Voici comment le Concile s'est présenté exactement. Deux termes l'ont défini: renouvellement (cf. Lumen gentium, 8, à la fin; Optatam totius, introd.) et « aggiornamento ». Cette dernière expression, que le Pape Jean XXIII a lancée, est entrée désormais dans le langage courant, et pas seulement en Italie (cf. AAS 1963, p. 750); ce sont deux termes qui parlent de nouveauté, l'un par référence plutôt au domaine intérieur, spirituel; l'autre, à l'aspect extérieur, canonique, institutionnel.
L'Eglise n'est pas vieille.... Elle ne craint pas la nouveauté, elle en vit. Comme un arbre aux racines fécondes, elle tire de chaque époque historique un nouveau printemps.
Certains ont observé que la nouveauté n'apporte pas toujours du progrès
l'examen des nouveautés Nous oblige à Nous demander si tous les phénomènes nouveaux post-conciliaires sont bons.
Est-ce que le nouveau nous porte aujourd'hui à un christianisme vraiment meilleur? Quels critères peuvent nous aider à juger de la valeur de ce qui est nouveau dans l'Eglise?
La question de la nouveauté dans la vie catholique est extrêmement complexe. Limitons-Nous à une seule remarque, qui est la suivante: la nouveauté ne peut se produire dans l'Eglise par une rupture avec la tradition.

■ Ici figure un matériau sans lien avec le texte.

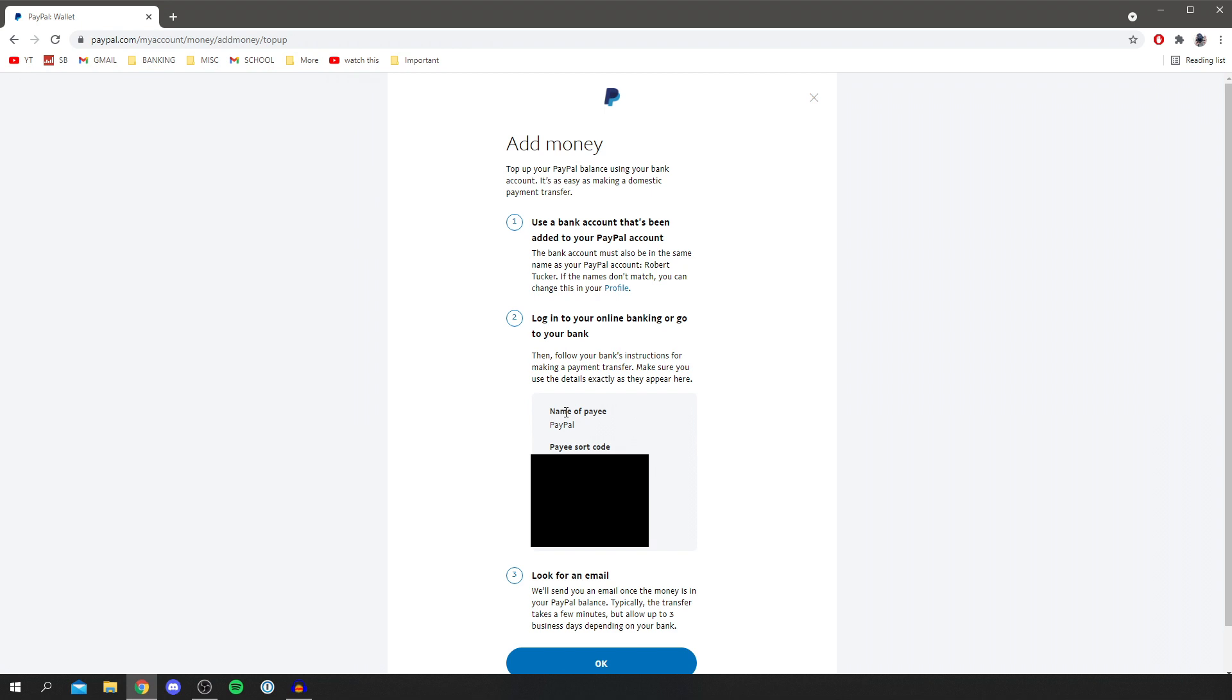And then after a few minutes, it should turn up, but it may take up to three business days. So I'll quickly show you doing it now. And like I said before, you need to make sure you have got that customer reference absolutely correct. Otherwise, it's not going to get to the right account and you're going to lose that money possibly.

La mentalité révolutionnaire est parfois entrée dans la mentalité de beaucoup de chrétiens, de bons chrétiens.
« Le renouveau de la vie religieuse comprend le continuel retour aux sources », enseigne le Concile (Perfectae caritatis, 2) et ce qui vaut pour les religieux vaut pour tout le peuple de Dieu. Qui le remplace par sa propre expérience spirituelle, le sentiment de la foi subjective, l'interprétation personnelle de la Parole de Dieu produit certainement une nouveauté, mais aussi une ruine.